Hit up the internet, and you shall know.
Some are — without batting an eyelid — caving to their basest instincts. A recent example? An intrepid incursion into IAS officers Tina Dabi and Athar Khan's marriage. Recently, the couple — who got married in 2018 — filed for divorce and almost everyone — who is not a part of that marriage — has an opinion about it.
While some are of the opinion that this was inevitable — raking up the age-old 'love-jihad' (allegations of forceful conversion to Islam) discourse — others are of the opinion that this has a bearing on the future of all interfaith couples.
Funny, how we are convinced that the lifespan of an interfaith marriage is a litmus test for societal ills.
Freelance virtue-signallers, please sit down.
Bigotry would be dead by now if all we had to do was get happy interfaith couples to turn up and mark attendance.
First of all, Tina Dabi and Athar Khan don't owe the world anything. It is extremely unfair to shower them with self-righteous voiceovers at this point. Yes, interfaith couples have it hard; no, it still isn't their responsibility to set an example for all interfaith couples by making the marriage work - repeat after me: making a marriage work is not a blanket achievement!
So, shush with the shoulds and shouldn'ts.
My unsolicited sermon? Marriage is a subjective experience; it is between two people who've chosen to be with each other and we - the commentators from the sidelines - have no say in it.
So, marriages - interfaith or not - don't owe the world any kind of 'model behaviour' ; the world owes them acceptance, regardless of their future.

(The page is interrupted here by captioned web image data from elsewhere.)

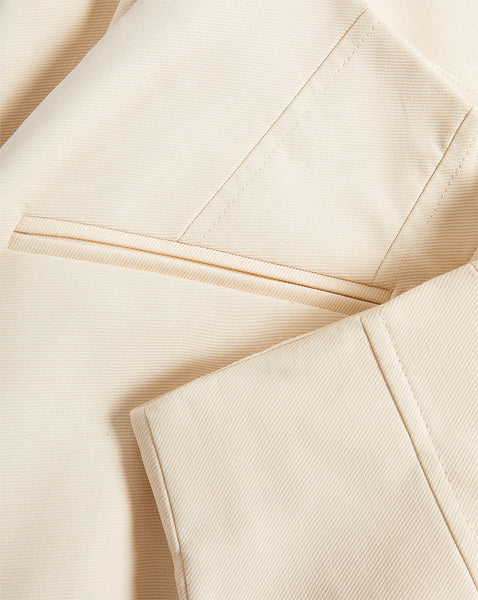 Veronica Beard Cream blazer with notched lapels and flap pockets.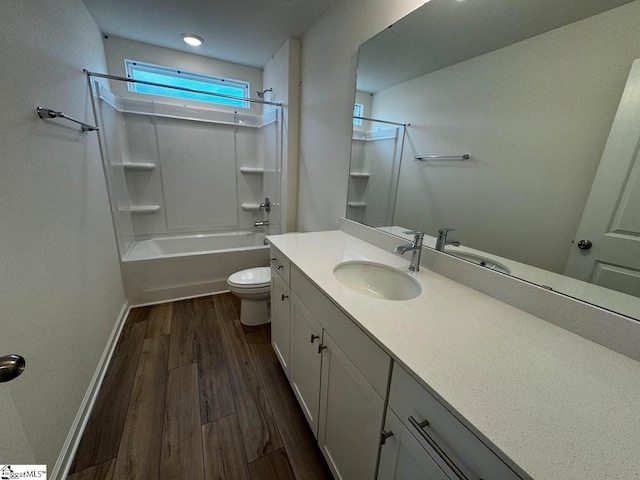 full bathroom with vanity, shower / bathing tub combination, wood-type flooring, and toilet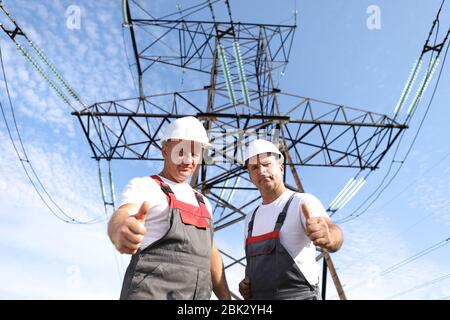 Two adult male electricians show like. Two workers of power plants on the background of an electrical pylon. Electric support 8000 kilowatts Stock Photo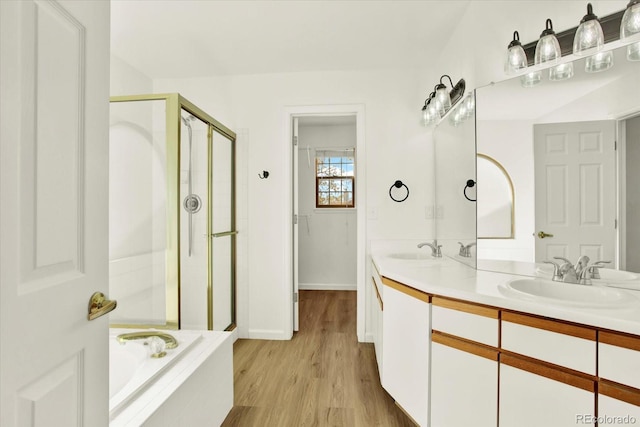 bathroom featuring a shower stall, a garden tub, and a sink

But alas - that's wishful thinking? I mean, jewellery brand Tanishq had to recently pull down an ad that showed a woman in a happy marriage. Strange?

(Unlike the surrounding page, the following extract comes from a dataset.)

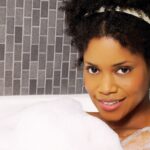 Une jeune femme sort d’une douche froide, ruisselante d’eau, respirant profondément pour se réchauffer, symbole de vitalité et de bien-être naturel.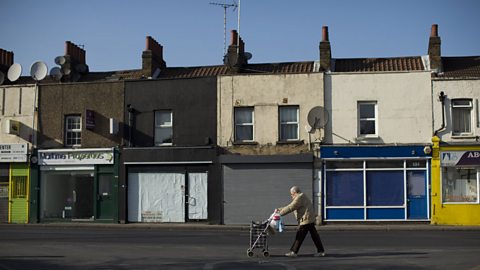 A rundown high street with closed shop fronts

Oh, and it happened to be an interfaith marriage.
Ding. Ding. Ding.
There goes the acceptance part.
(Side Bar: The government has no data or definition on 'love jihad'. Mental not for self. )

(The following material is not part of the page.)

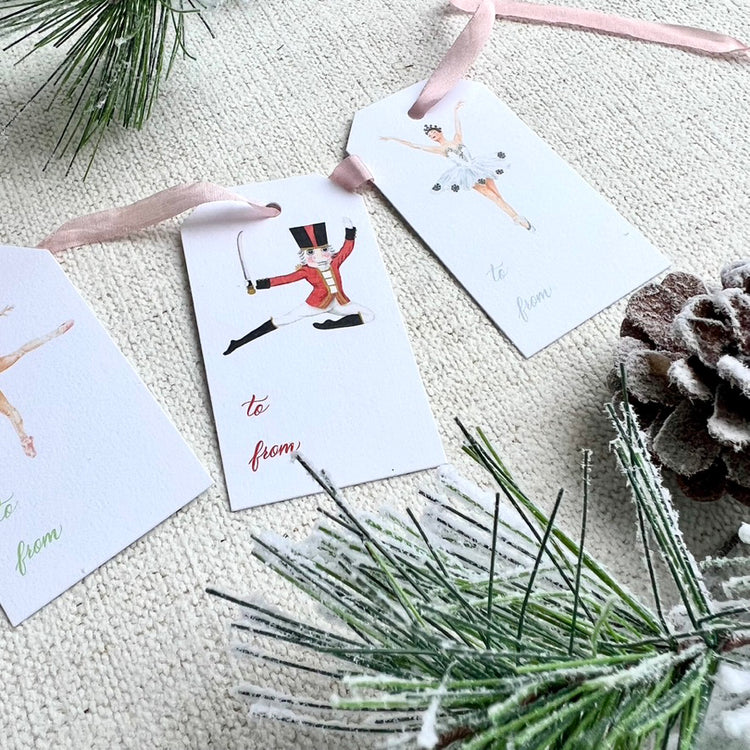 Nutcracker themed gift tags with a pink ribbon and faux greenery and a pinecone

Say, what if Dabi and Khan were to NOT file for divorce? Would they be left alone? Would they not have to fend off the occasional 'love-jihad' allegations ? Would they not have to convince the occasional naysayer that there was no coercion of any sorts? I am going to let this marinate.
On the other hand, what is particularly striking is that we forget often that words... have... err... meanings. You don't earn brownie points for 'tolerance' if you say we are a 'tolerant' country that 'allows' interfaith relationships. We shouldn't have to resort to verbs and adjectives that mess up the power balance. No relationship, born out of mutual consent, should have to seek permission to get its ball rolling!
So, let's calm down?
Anyhow, one last thing before I sign off. Can we please, please count to ten (telling myself this too) before our adrenaline spurts on Twitter? It is 2020 and we are a tired, old world.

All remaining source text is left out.